After a few long minutes of this, I found I could not ignore my feelings any longer, and so in a flurry of clicks and scrolls I delved further into the life of Charli Vistons, obstacles be damned!
I saw, of course, that the young beauty’s fiancé was a rotund pud of a man named Nico, unworthy of her succulent charms.
I admit, this was more than a bit shocking — surely she could do better? — but I followed the chain duly, hoping to find some indication that Charli would not be throwing her life away, that perhaps her fiancé was handsome on the inside.
Sadly, he was just as dull and insipid, it seemed, inside as he was out.
Thinking Nico’s Facebook profile might offer a different and perhaps better perspective on Charli’s situation, I clicked on each morsel offered there until I arrived, finally, on a link to the dire and garish wedding website, Charlico.com.
I stayed there, despite the insult to my sensibility, in good faith.

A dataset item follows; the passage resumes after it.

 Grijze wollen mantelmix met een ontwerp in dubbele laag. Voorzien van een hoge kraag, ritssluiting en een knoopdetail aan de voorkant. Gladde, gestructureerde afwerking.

Once there on the “splash page,” I felt I had sufficiently calmed down — I admit I can get carried away — and could accept whatever role in Charli’s life destiny assigned me: teacher, lover, admirer, friend.
I knew I could still help Charli — which, dear readers, is all I have ever wanted to do! — but I knew even then I must be judicious about my battles. I couldn’t simply heave myself headlong into her life.
That was, of course, the mistake I had made with MFL.
So, how to approach Charli?
Would her “wedding” really happen?
Was the whole thing as ghoulish as it seemed?
The hidden world does reveal itself to us, readers, if only we take the time to look.
I proceeded with my clicking, and, thinking I was headed to Charlico.com’s “registry,” where I could perhaps offer some consumer advocacy, I must have misclicked in a moment of inattention, for lo, I found myself unwittingly “on the blog.”
My browsing history reveals that this fatal act happened in the small hours of a Wednesday morning.
Immediately upon load of the Charlico.com/blog page, I became confused.
Society had clearly declared to me on numerous occasions that weddings were private celebrations restricted from public online discussion, and yet, here was a wedding website with a very public blog?!?!
Why?
Momentarily perplexed, the thought came suddenly that perhaps this wedding party wanted to discuss the issues!
Yes, of course!
That is why lovely Charli had a wedding blog!
For me!
Maybe there was hope after all, maybe, I said to myself. I could not only scrub my past clean, but also strike out anew with a joyous community!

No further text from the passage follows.